## Exercise prompt
Write out all of the records precisely. Skip anything that is a picture.

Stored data
—————
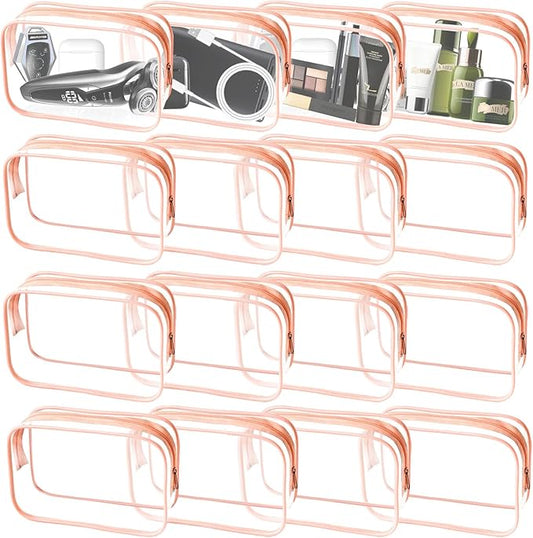 16 Pieces Clear Makeup Bags Bulk, TSA Approved Toiletry Bag for Travel, PVC Waterproof Travel Pouches Clear Pouch with Zipper for Men and Women Carry-on Travel Essentials Cosmetic Bags (Orange)
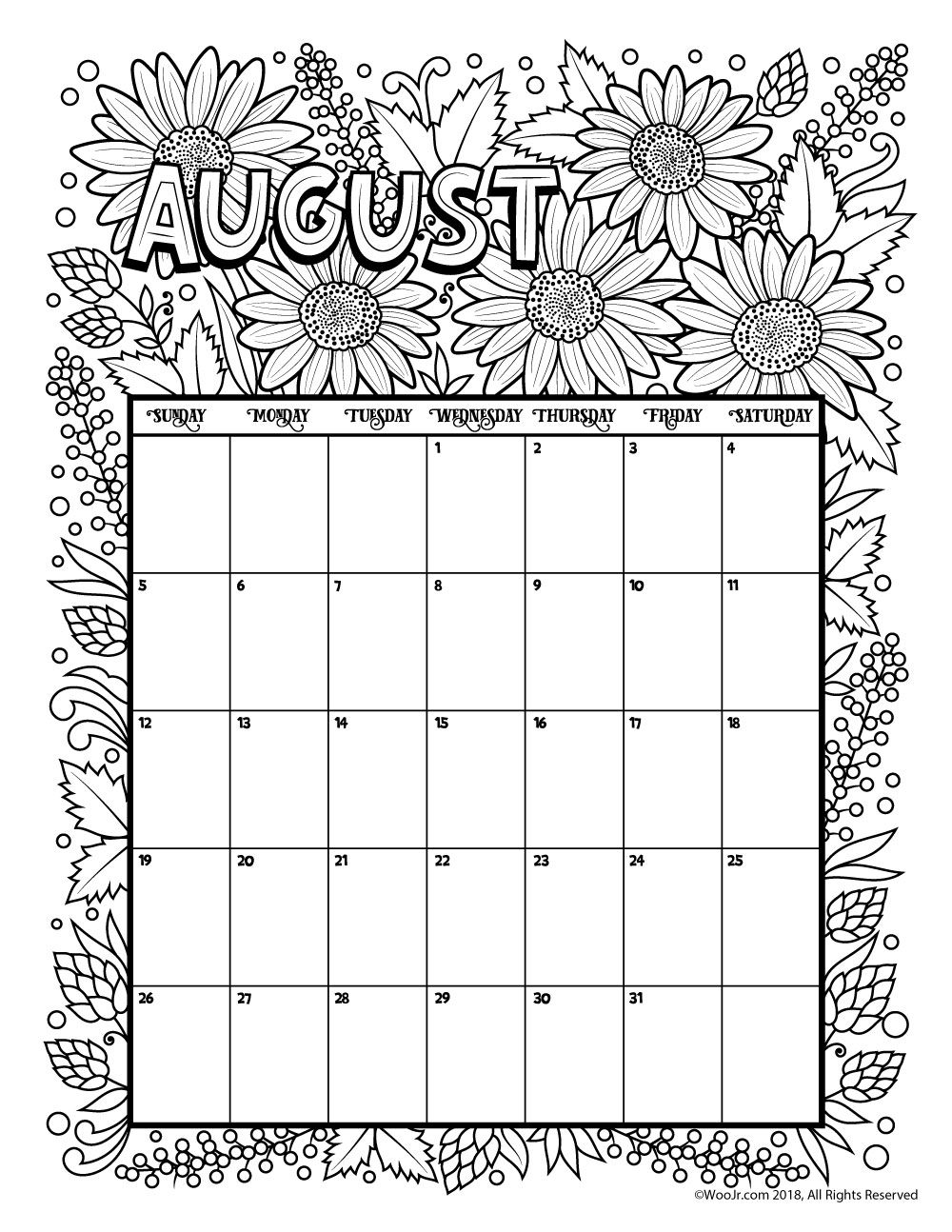 Collect August 2021 Coloring Calendars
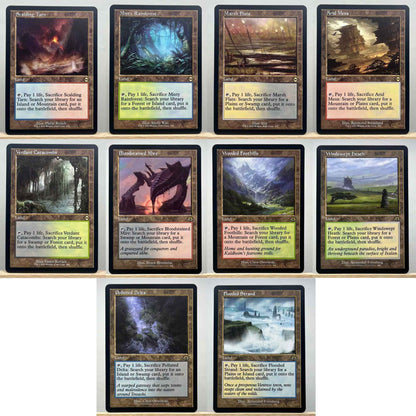 MH3 MH2 HOLO10-03 TCG Cartas Mágicas para Proxy de Jogo Caseiro terreno de busca Marsh Flats a Arid Mesa Misty Rainforest gathering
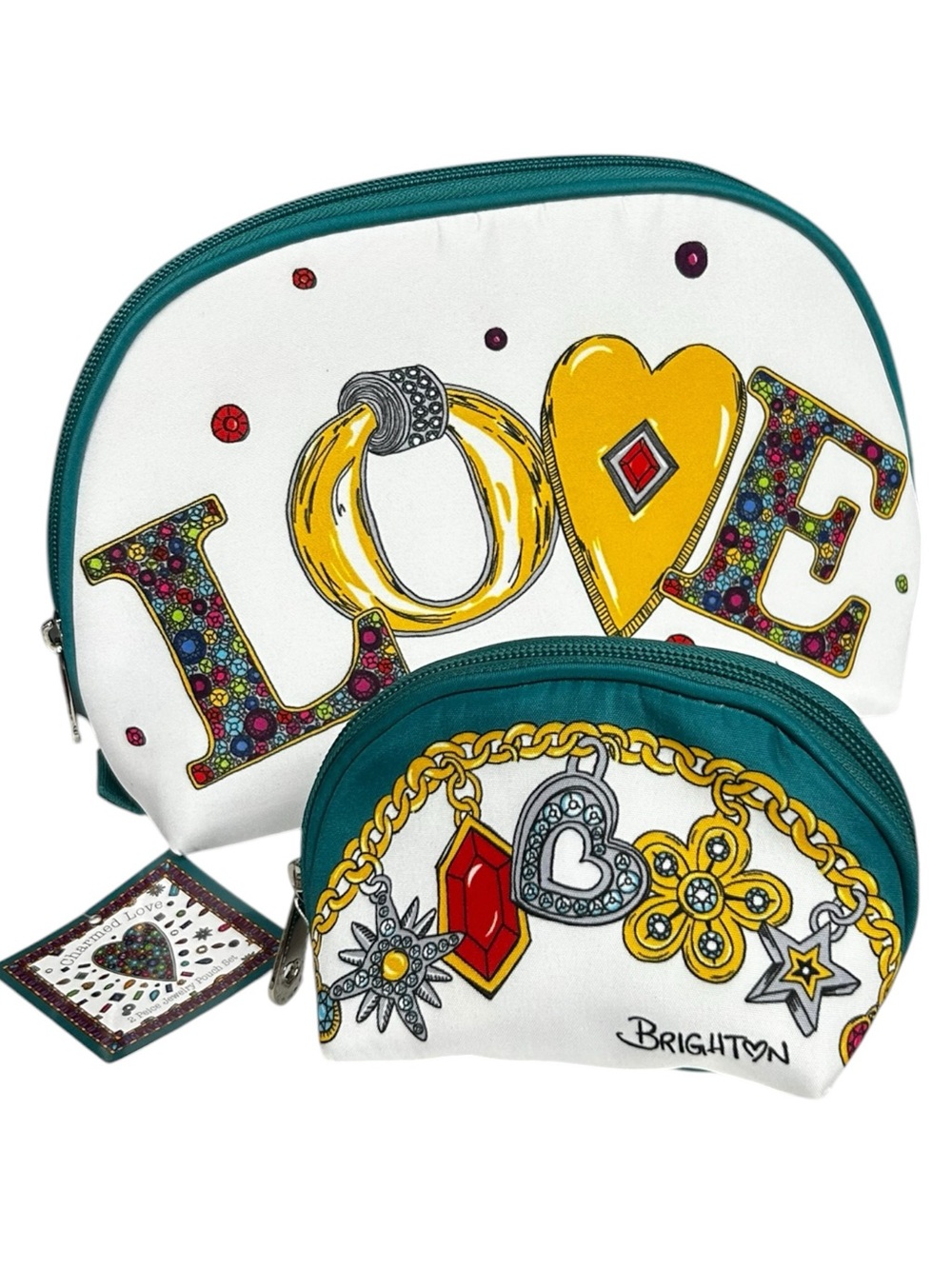 Brighton Charmed Love 2 Piece Jewelry Pouch Set White Teal NWT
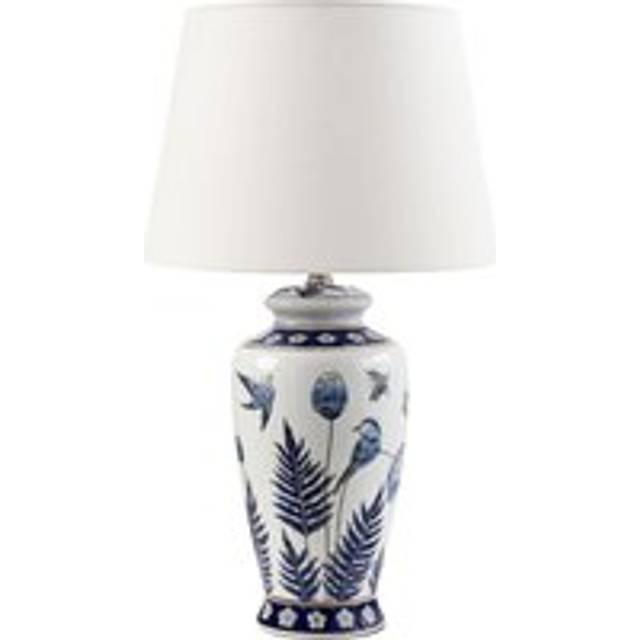 Beliani - Stylish Table Lamp with a Floral Patten Porcelain Base Linen Drum Shade Lighting White and Blue Bijela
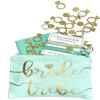 Bride Tribe Makeup Bags - Bridesmaid Favor for Bachelorette Party, Bridal Shower, Wedding. Cosmetics/Toiletries Bag, Wedding Survival Kit, Hangover Kit, Keepsake (4+1pc Bride Tribe + Bride, Mint) view 4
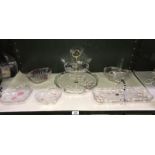 A quantity of German waltherglass cake stands and dishes
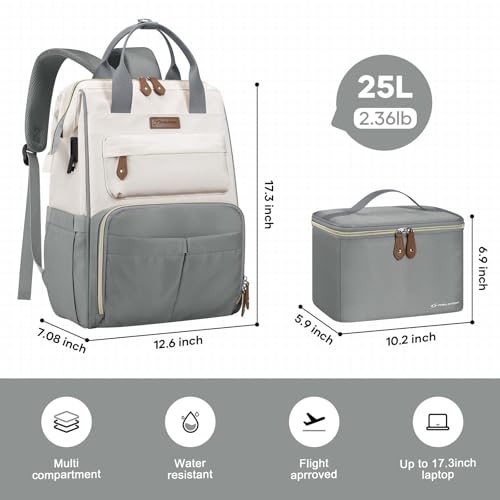 Maelstrom Travel Backpack for Women Men,Laptop Backpack Fits 15.6-17.3 Inch Laptop, Nurse/Work Bag with Insulated Lunch Bo...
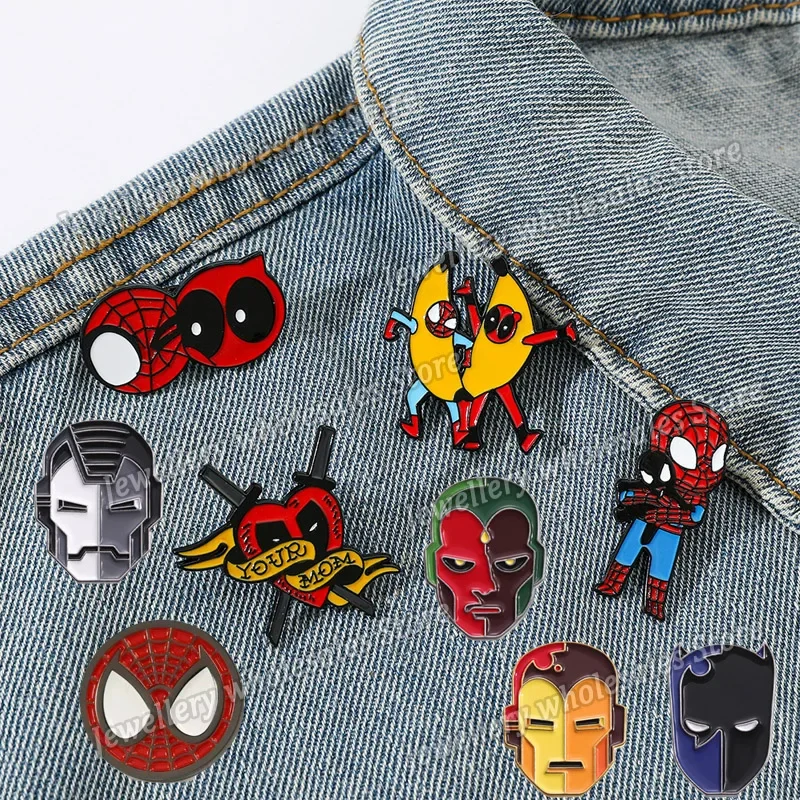 Marvel Super Heroes Brooch Badge Captain America Iron Man Spiderman Hulk The Avengers Metal Enamel Lapel Pin Accessories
—————
## Response area
 16 Pieces Clear Makeup Bags Bulk, TSA Approved Toiletry Bag for Travel, PVC Waterproof Travel Pouches Clear Pouch with Zipper for Men and Women Carry-on Travel Essentials Cosmetic Bags (Orange)
 Collect August 2021 Coloring Calendars
 MH3 MH2 HOLO10-03 TCG Cartas Mágicas para Proxy de Jogo Caseiro terreno de busca Marsh Flats a Arid Mesa Misty Rainforest gathering
 Brighton Charmed Love 2 Piece Jewelry Pouch Set White Teal NWT
 Beliani - Stylish Table Lamp with a Floral Patten Porcelain Base Linen Drum Shade Lighting White and Blue Bijela
 Bride Tribe Makeup Bags - Bridesmaid Favor for Bachelorette Party, Bridal Shower, Wedding. Cosmetics/Toiletries Bag, Wedding Survival Kit, Hangover Kit, Keepsake (4+1pc Bride Tribe + Bride, Mint) view 4
 A quantity of German waltherglass cake stands and dishes
 Maelstrom Travel Backpack for Women Men,Laptop Backpack Fits 15.6-17.3 Inch Laptop, Nurse/Work Bag with Insulated Lunch Bo...
 Marvel Super Heroes Brooch Badge Captain America Iron Man Spiderman Hulk The Avengers Metal Enamel Lapel Pin Accessories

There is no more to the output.